Avec M. Assad, M. Carter a également abordé la question des législatives de dimanche dernier au Liban. Il a qualifié le scrutin de « succès ». « Nous étions très satisfaits du fait qu'aucune partie n'a porté d'objections quant aux résultats » du vote, a dit M. Carter. L'ex-président américain a également indiqué que lors de son séjour au Liban, il avait souhaité rencontrer les dirigeants du Hezbollah.
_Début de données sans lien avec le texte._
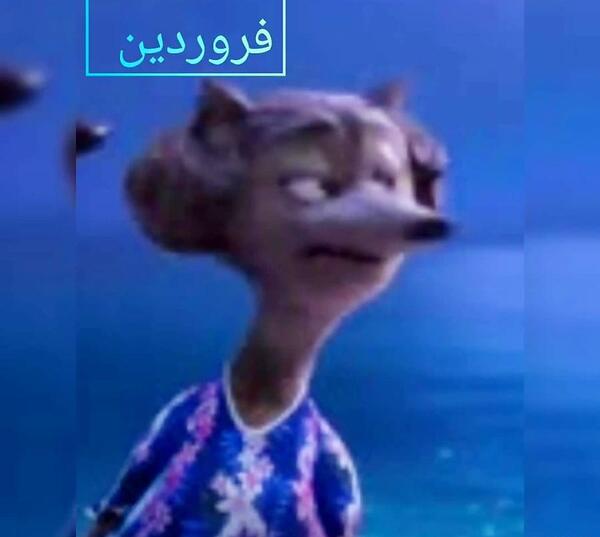 عکس دختر لولو خان واقعی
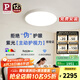 Paulmann P德國(guó)柏曼客廳臥室護(hù)眼吸頂燈高亮現(xiàn)代簡(jiǎn)約全光譜LED燈具全屋套裝 【大款-紫光護(hù)眼】推薦15-20㎡ 柏曼節(jié)律智能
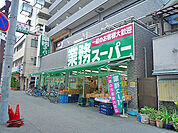 業務スーパー 十三店（621m）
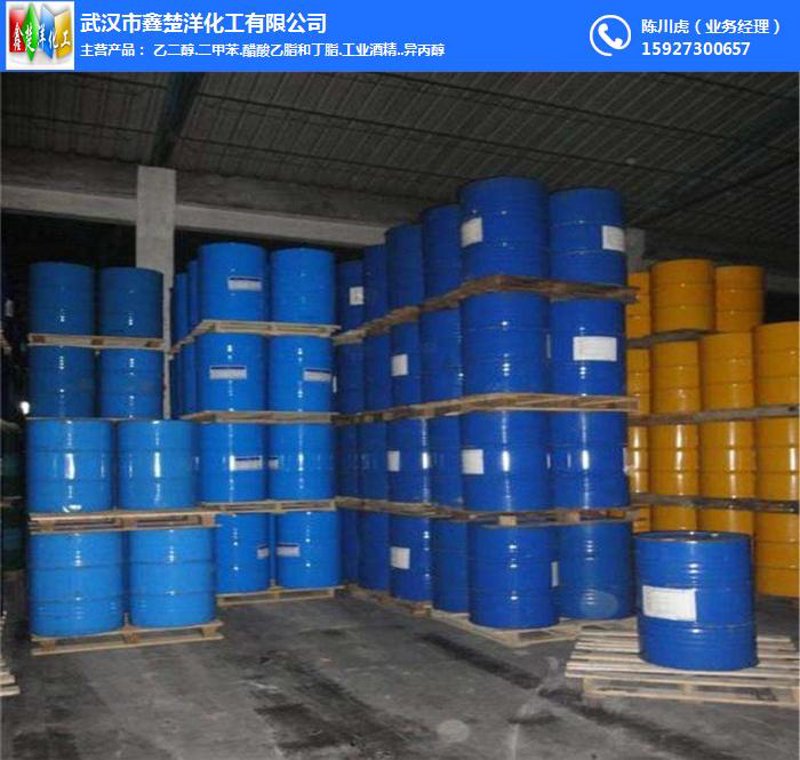 精细化工原料：新时代化学工业的创新力量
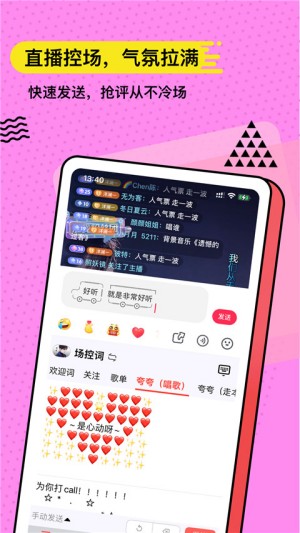 无思键盘1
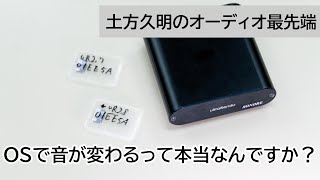 OSで音が変わるって本当なんですか？  土方久明のオーディオ最先端 第14回 [upl. by Burgwell]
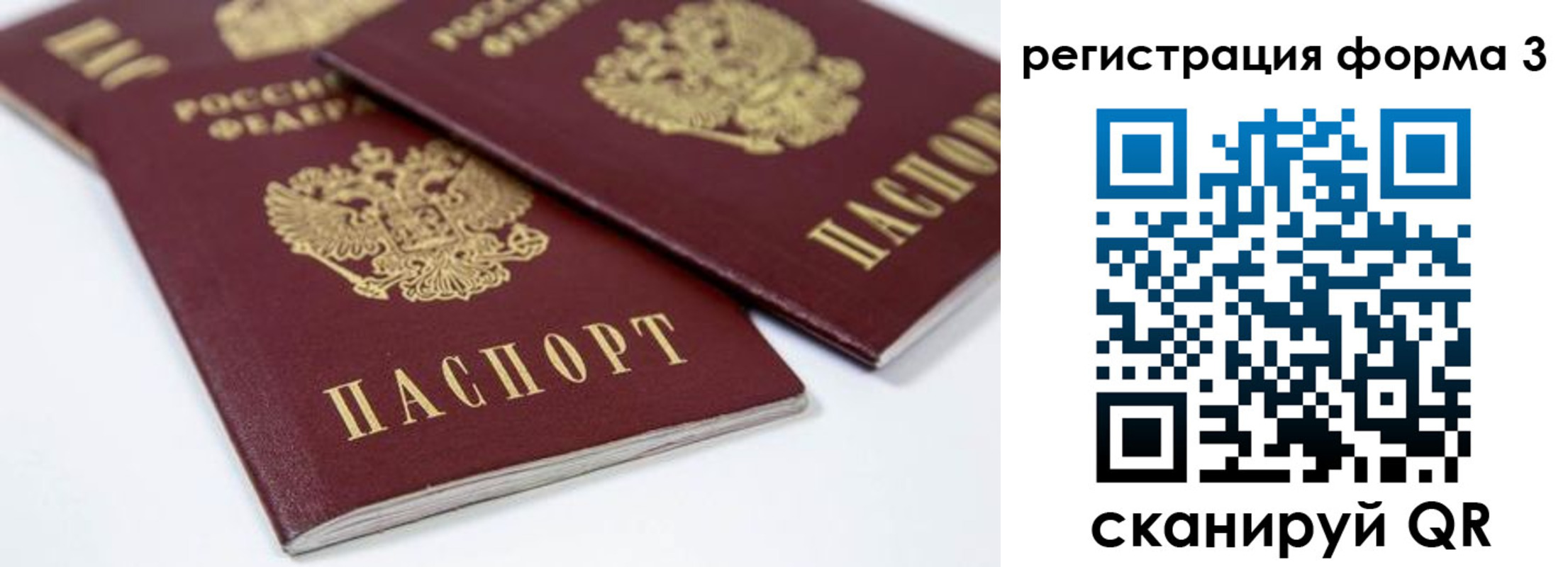 временная регистрация адрес в Урус-Мартане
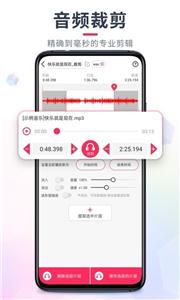 音频裁剪大师截图2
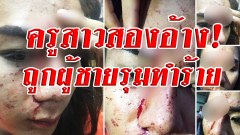 เพจดังโพสต์ข่าว!! ครูสาวอ้างถูกทำร้ายเลือดตกยางออกแผลลึก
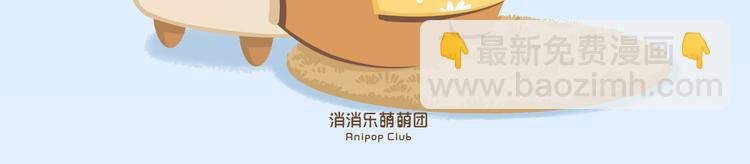 《消消乐萌萌团》短篇漫画36 妈妈的烦恼 第2页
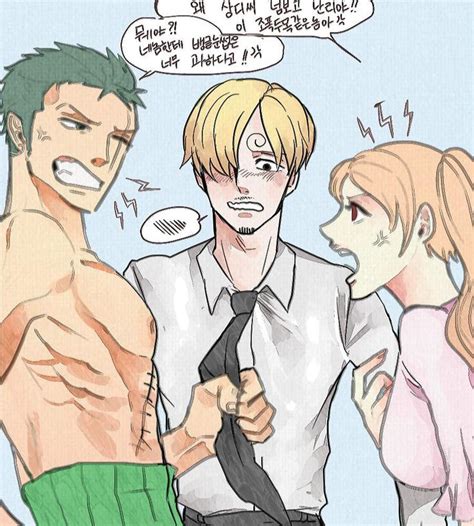 Charlotte Pudding Purin x Sanji Vinsmoke Roronoa Zoro One Piece | Anime masculino, Anime, Masculino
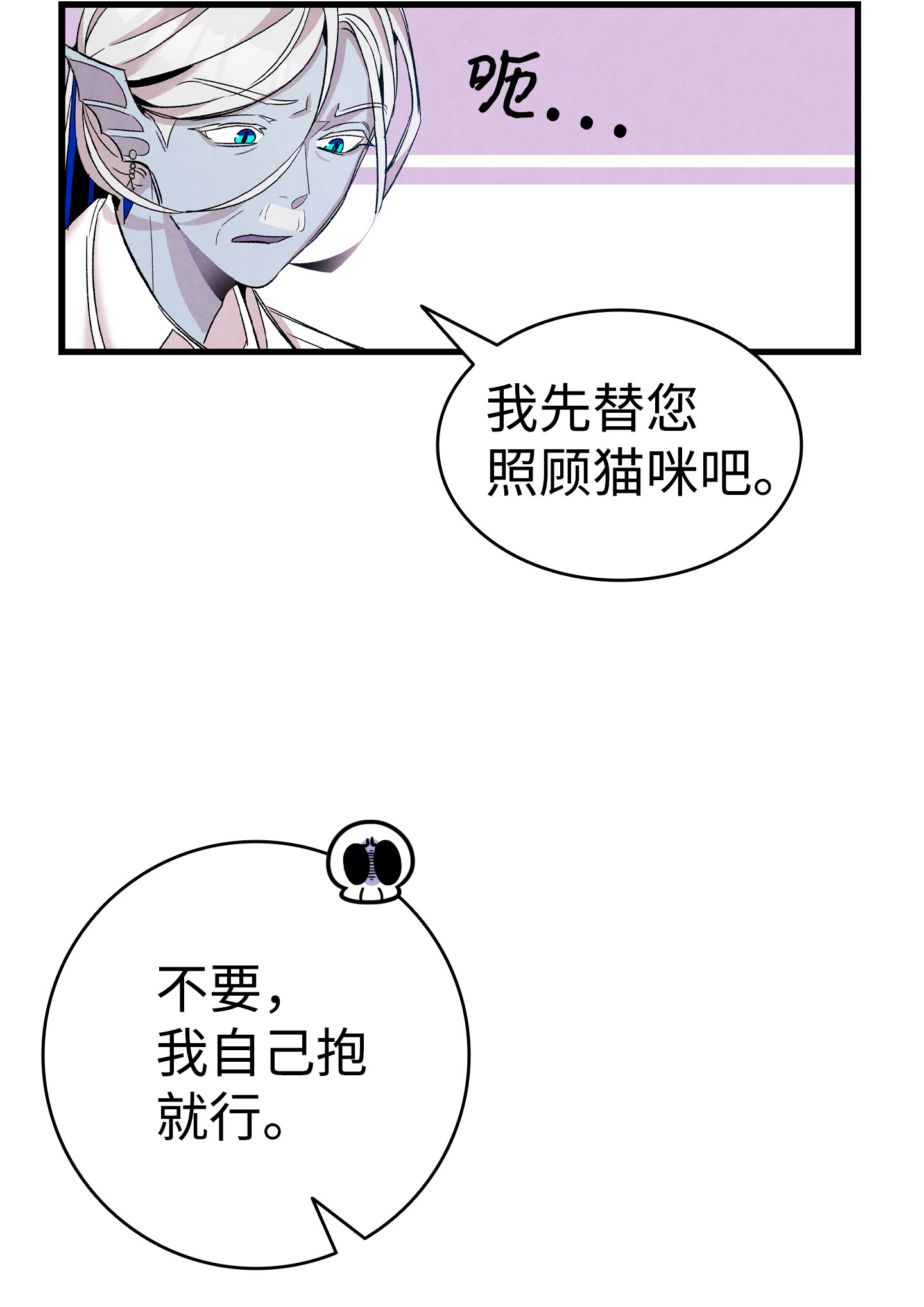 骷髅奶爸86 话本家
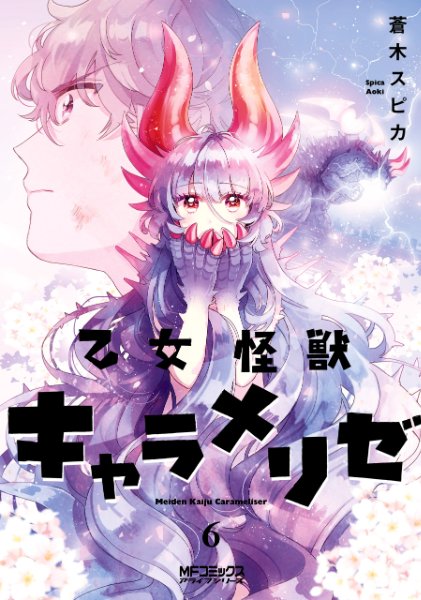 Volume 6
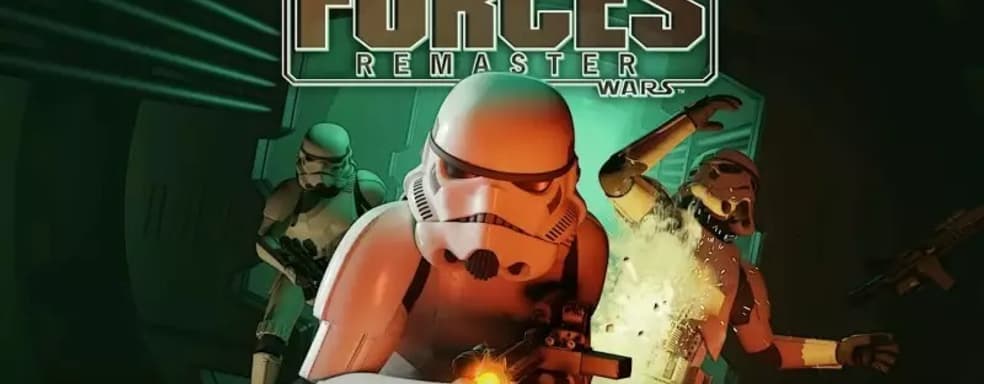 Вышла обновлённая классика Star Wars: Dark Forces Remaster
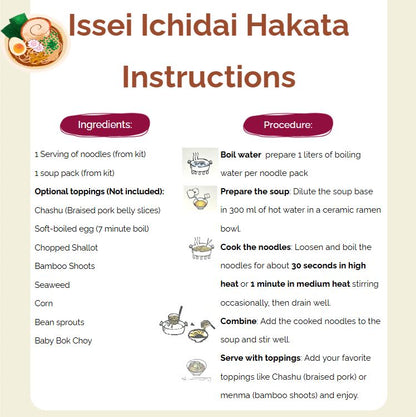 Issei Ichidai Hakata Ramen (3 servings)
Toutefois, selon lui, ces derniers lui ont signifié une fin de non-recevoir.
Engager des négociations directes avec le Hamas
Hier soir, M. Carter a rencontré les chefs des factions palestiniennes basées à Damas, notamment le leader du bureau politique du Hamas, Khaled Mechaal. Il a appelé les États-Unis à engager « des négociations directes » avec le mouvement islamiste palestinien, estimant qu'il est « impossible de réaliser la paix entre les Palestiniens et Israël sans l'implication du Hamas aux côtés du Fateh », le parti du président palestinien Mahmoud Abbas. « Nous espérons voir des progrès pour l'unification des deux principales forces en Palestine, le Fateh et le Hamas », a-t-il ajouté, soulignant la volonté du gouvernement américain « d'être impliqué de façon plus active et plus solide dans le processus que lors des 16 années précédentes », soit depuis les accords d'Oslo. Il a aussi appelé à la libération des « 11 700 Palestiniens emprisonnés en Israël, dont 400 femmes et enfants », ainsi que l'élargissement de « presque tous les candidats du Hamas élus au suffrage universel lors des législatives de janvier 2006 ». M. Carter a également assuré que le Premier ministre israélien, Benjamin Netanyahu, « n'a toujours pas opté pour la solution à deux États et ne semble pas prêt à répondre à la demande du président Obama de geler la construction des colonies » dans les territoires palestiniens.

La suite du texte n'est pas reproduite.